**REQUIRED ACTION:**
Below are records with pictures. Reproduce exactly the lines from the line with "BOTTANACS GlutaWhite Facial" to the line with "SCULPFUN B1 Boîtier", inclusive, and leave each picture out.

*** RECORDS SUPPLIED Section Begins ***

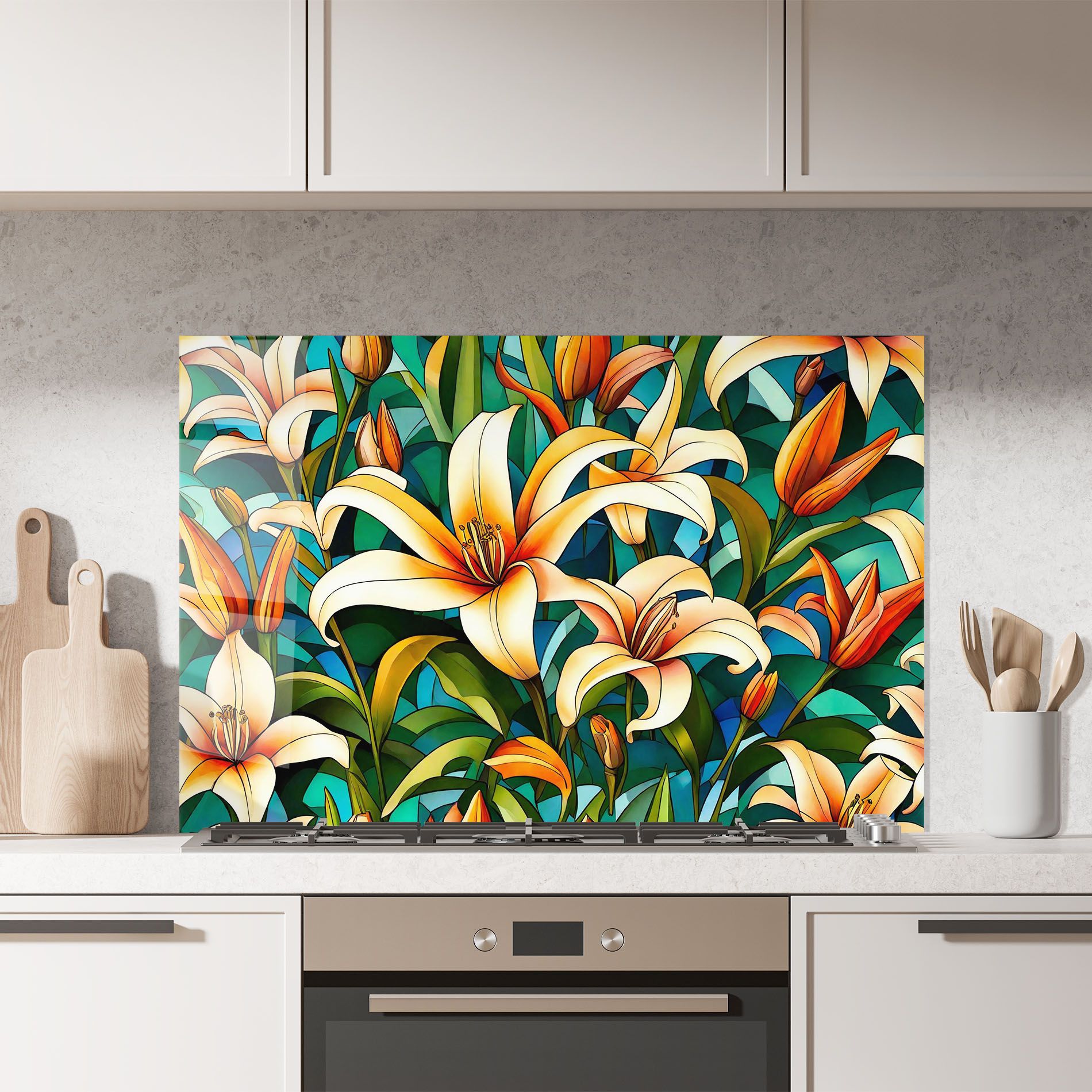 Lily Pattern mockup 7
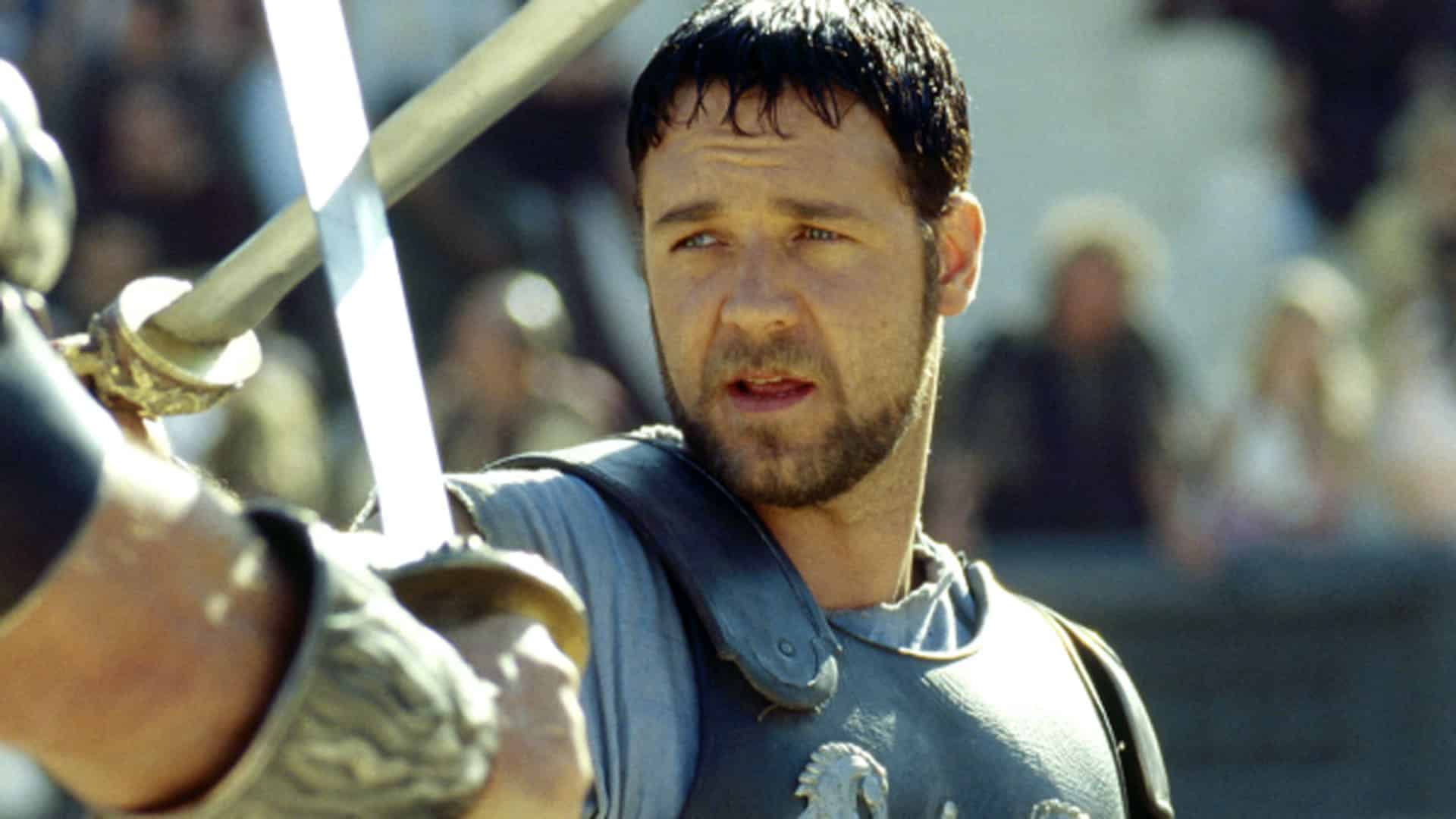 Gladiador Russell Crowe como Máximo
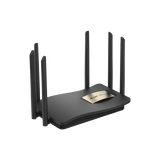 Home Router inalámbrico MESH WI-FI 5 2x2 doble banda 1 puerto WAN Gigabit y 3 puertos LAN Gigabit, hasta 1,267 Mbps.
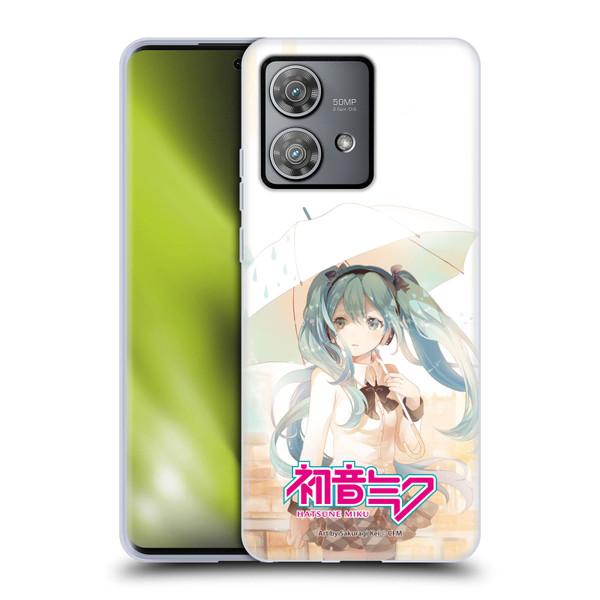 Hatsune Miku Graphics Rain Soft Gel Case for Motorola Edge 40 Neo 5G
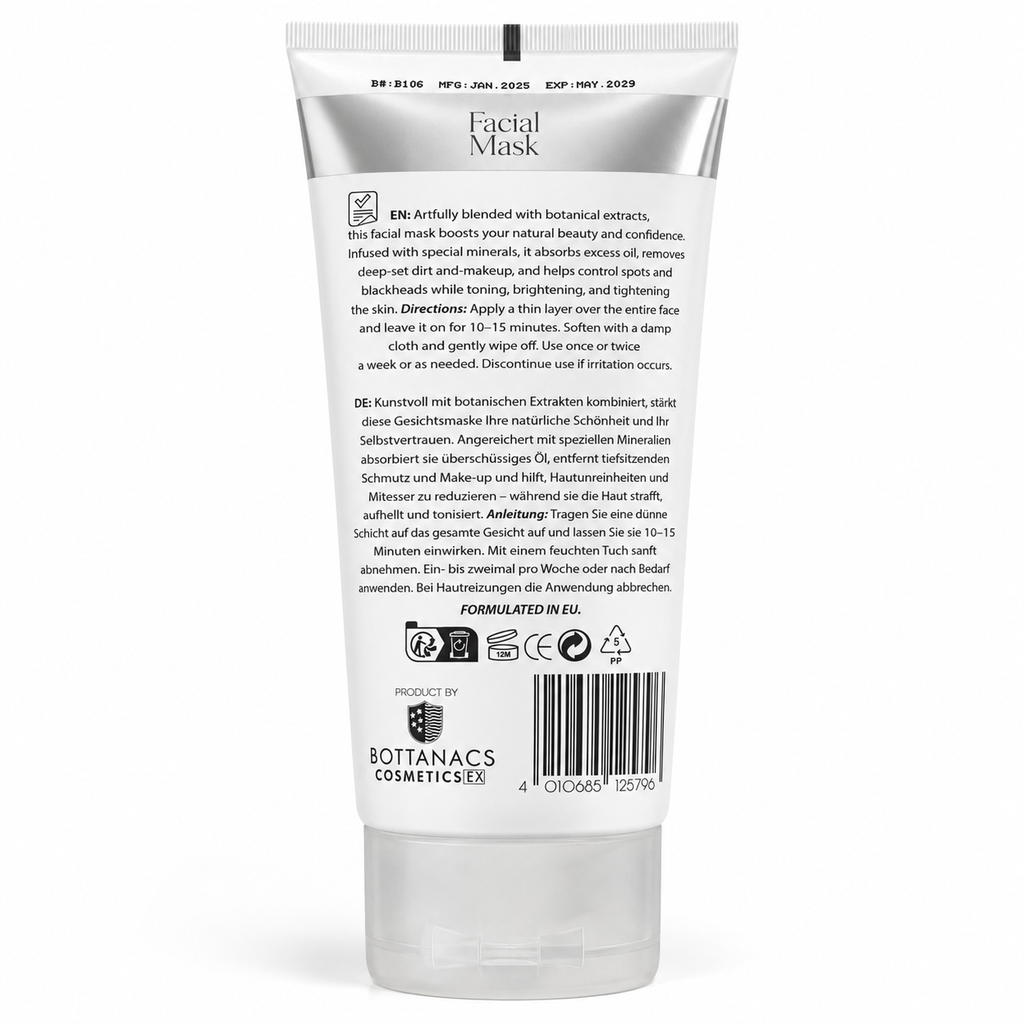 BOTTANACS GlutaWhite Facial Mask – Hydration Boost – 200ml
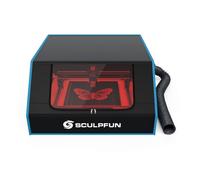 SCULPFUN B1 Boîtier laser pour machine de gravure laser S6 pro/S9/S10/S30, protection des yeux, ignifuge, étanche, insonorisant, avec ventilateur d'échappement, barre LED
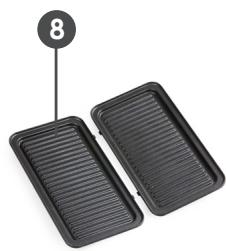 DOMO DO9136C SNACKMAKER - ÉLÉMENTS - 3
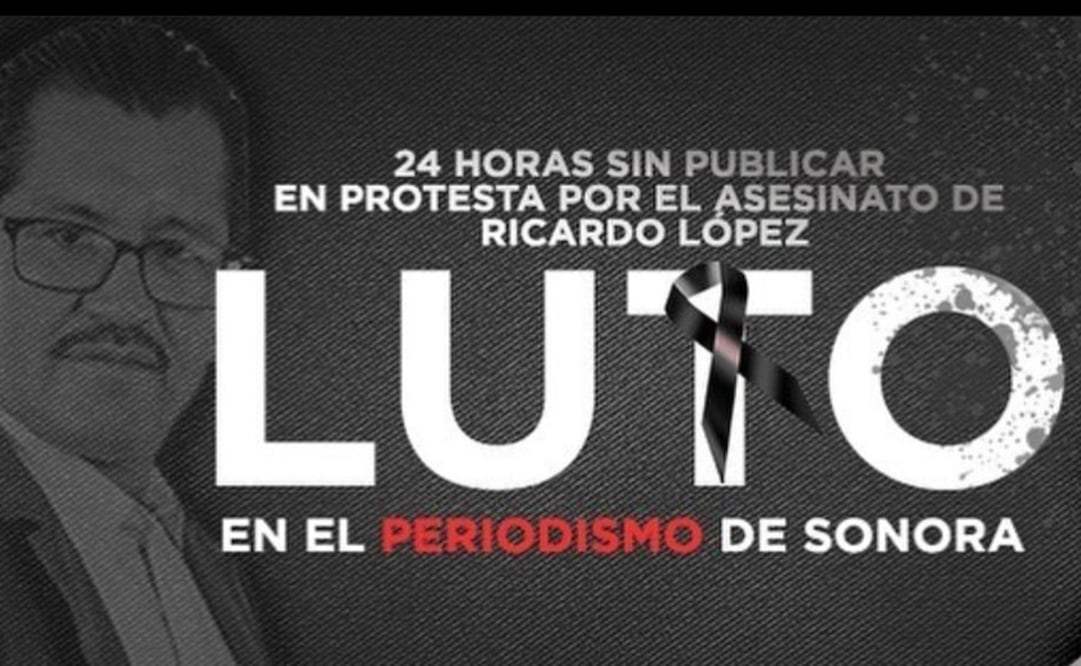 Protestan por el asesinato del periodista Ricardo López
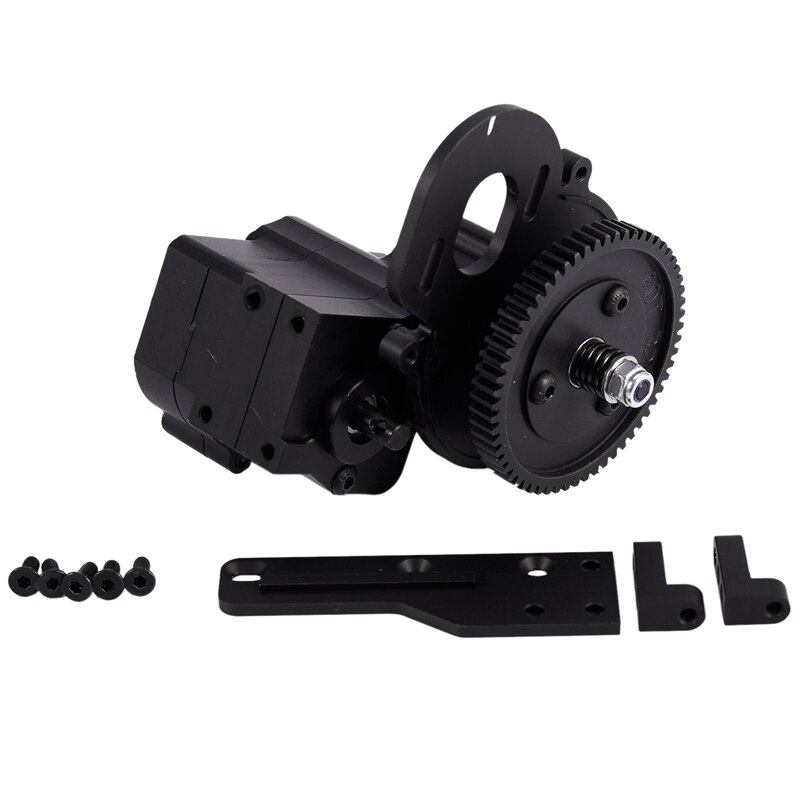 Metallo di CNC Telaio/Ingranaggio scatola Caso di Trasferimento di Centro Cambio di Trasmissione Caso 2 Velocità per 1/10 Assiale SCX10 spettro 90018 RC cingolato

*** RECORDS SUPPLIED Section Ends ***

**FINISHED EXERCISE:**
 BOTTANACS GlutaWhite Facial Mask – Hydration Boost – 200ml
 SCULPFUN B1 Boîtier laser pour machine de gravure laser S6 pro/S9/S10/S30, protection des yeux, ignifuge, étanche, insonorisant, avec ventilateur d'échappement, barre LED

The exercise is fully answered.